S'agissant de la responsabilité civile, monsieur le ministre, vous n'avez pas voulu accepter notre amendement portant sur la reconnaissance de la responsabilité pour faute ou violations des règles du jeu, ce qui nous a conduits à ne pas voter le texte.
Si j'en crois un courrier du 9 février adressé au président de la fédération française de motocyclisme par son assureur-conseil, il semble bien que notre position était la plus raisonnable et la plus susceptible de répondre aux inquiétudes des fédérations concernées. Dans ce courrier, l'assureur, après avoir indiqué qu'il avait à maintes reprises évoqué les conséquences de ce revirement de jurisprudence, écrit : « Nous avions espoir qu'une nouvelle décision de la Cour de cassation, notamment de son assemblée plénière, puisse à nouveau infléchir la jurisprudence en la matière. Malheureusement, nous venons de découvrir que l'Assemblée nationale vient de prendre une disposition législative qui, si elle était confirmée par le Sénat, consacrera définitivement l'abandon de la théorie de l'acceptation des risques sur le plan des dommages corporels lorsqu'un licencié s'adonne délibérément, et en parfaite connaissance de causes, à un sport réputé dangereux ». Et le même assureur de souligner que son obligation de conseil le conduit à faire part des répercussions que cette évolution législative – que nous allons adopter aujourd'hui – ne manquera pas d'avoir sur les contrats d'assurance, s'agissant tout particulièrement de la garantie de responsabilité civile des licenciés. Il évoque ainsi tous les problèmes que nous avions nous-mêmes soulevés lors de la première lecture.

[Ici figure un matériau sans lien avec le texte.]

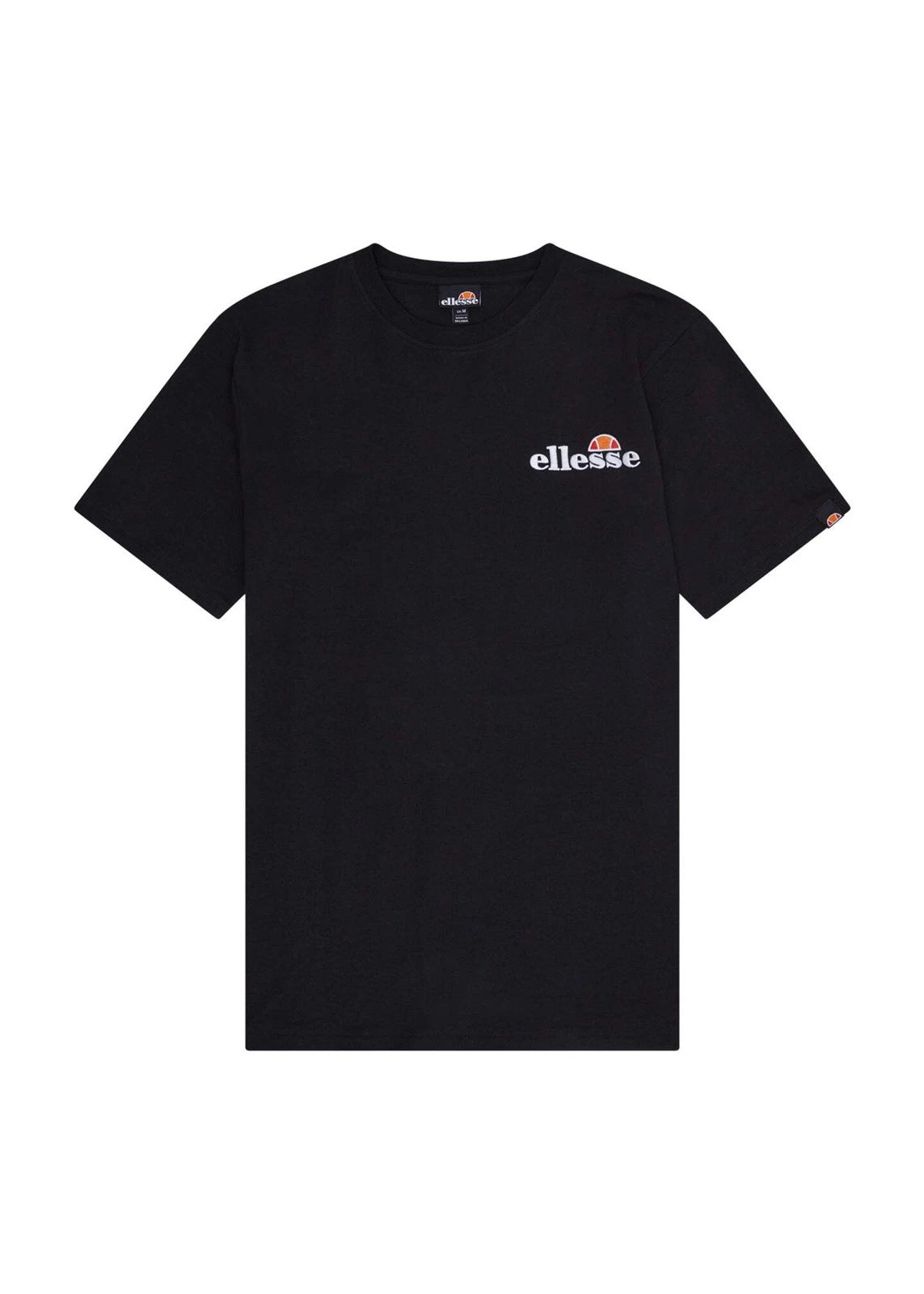 ellesse Men's Voodoo Short Sleeve T-Shirt, Classic Logo Cotton Tee, Black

Le 21 février, nos collègues sénateurs ont à leur tour examiné ce texte, transformant son intitulé, de façon assez logique, en « proposition de loi tendant à faciliter l'organisation des manifestations sportives et culturelles ».

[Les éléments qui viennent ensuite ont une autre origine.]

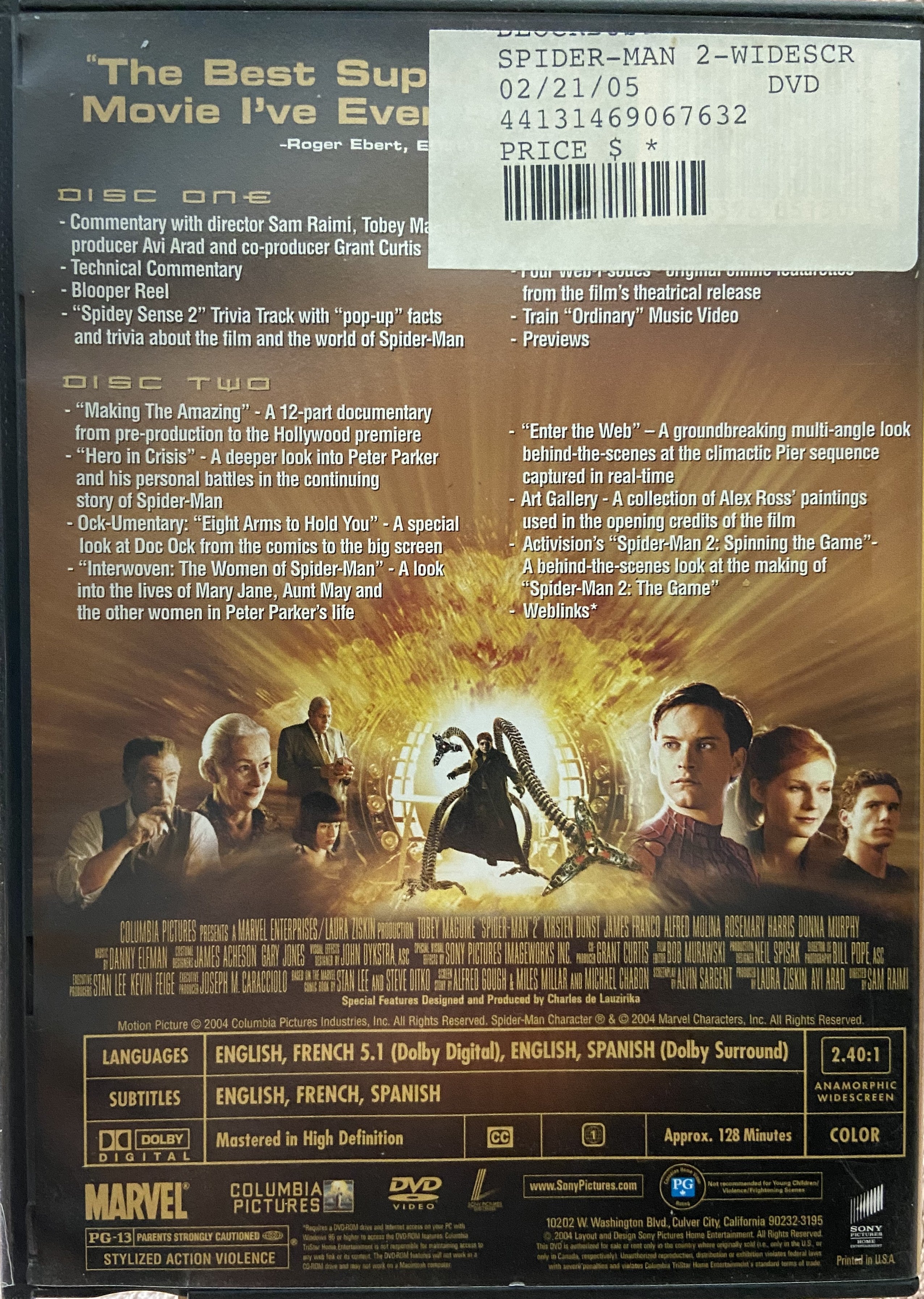 Spider-Man 2 (Former Blockbuster Rental)
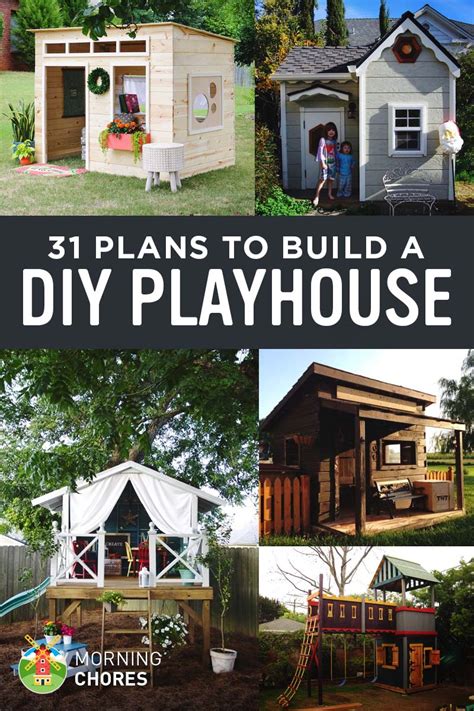 31 Free DIY Playhouse Plans to Build for Your Kids' Secret Hideaway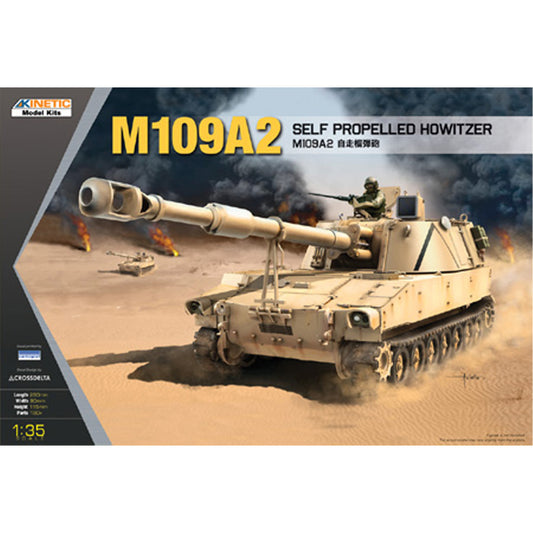 Kinetic 61006 M109A2 Self-Propelled Howitzer 1:35 Model Kit
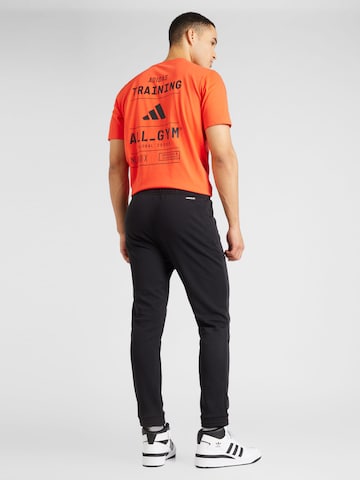 ADIDAS PERFORMANCE Slimfit Spodnie sportowe 'Pump' w kolorze czarny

S'agissant de la question de la responsabilité, qui est au coeur même de ce texte, on ne peut pas dire que les deux modifications introduites par le Sénat régleront tous les problèmes liés à l'application de la responsabilité civile de droit commun en matière sportive. La modification de l'article 1er n'apporte qu'une précision en substituant les mots « dommages matériels » aux mots « dommages autres que corporels ». Il est peu probable que cela permette d'y voir plus clair, même si l'on peut comprendre que ce changement a été dicté par la recherche d'un nouvel équilibre permettant de maintenir les garanties pour les victimes tout en en évitant une explosion des primes d'assurance des fédérations ou des organisateurs, grâce à l'exclusion de l'indemnisation des dommages matériels.
Si j'en juge par les discussions que nous avons eues en sortant de la commission mixte paritaire, mes chers collègues, je crois que notre avis a été confirmé par une partie du mouvement sportif. Il nous semble – nous le vérifierons peut-être – que nous restons là dans une incertitude et une insécurité juridiques évidentes.

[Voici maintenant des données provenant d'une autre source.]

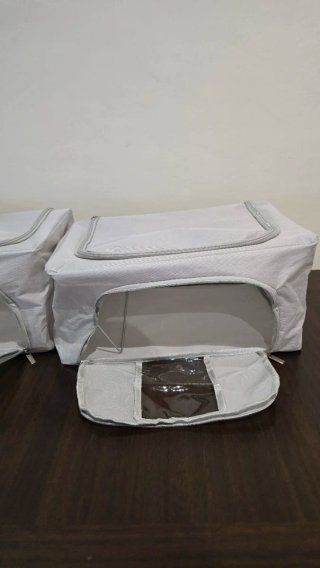 2 Bolsas Almacenaje Ropa 24L con Ventana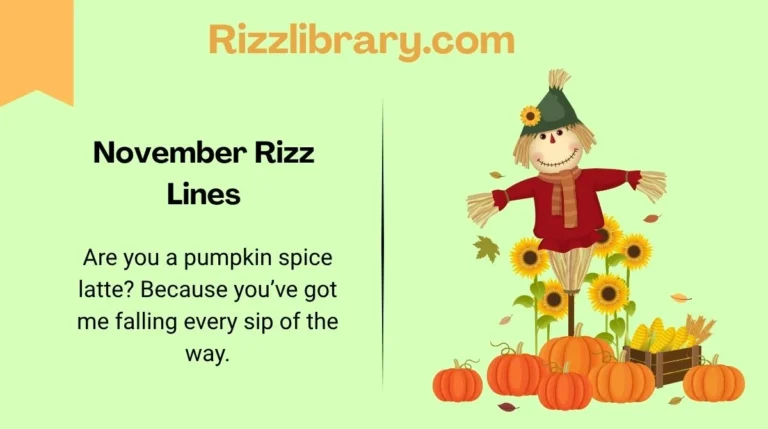 November Rizz Lines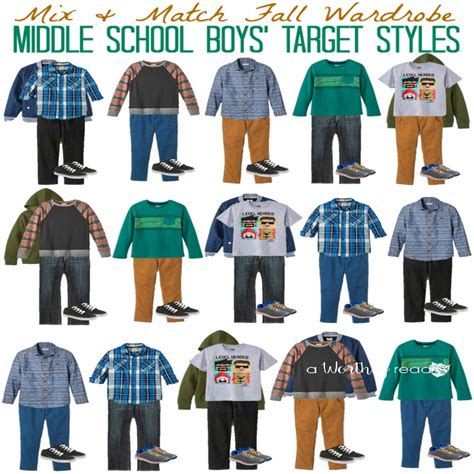 Mix & Match Fall Fashion Ideas for Middle School Boys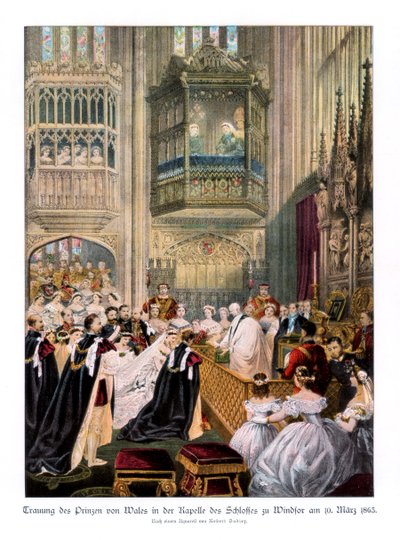 Matrimonio della Principessa Alexandra e del Principe Edoardo, Cappella di San Giorgio a Windsor, 10 marzo 1863 da Robert Dudley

Certes, le Sénat a introduit un article 1er bis visant à ce que le Gouvernement demande un rapport au Parlement, élaboré en concertation avec le mouvement sportif et le Comité national olympique et sportif français, relatif aux enjeux et aux perspectives d'évolution du régime de responsabilité civile en matière sportive.
Je suis au regret de rappeler que si le Gouvernement avait lui-même déposé un texte, nous aurions pu disposer d'une étude d'impact.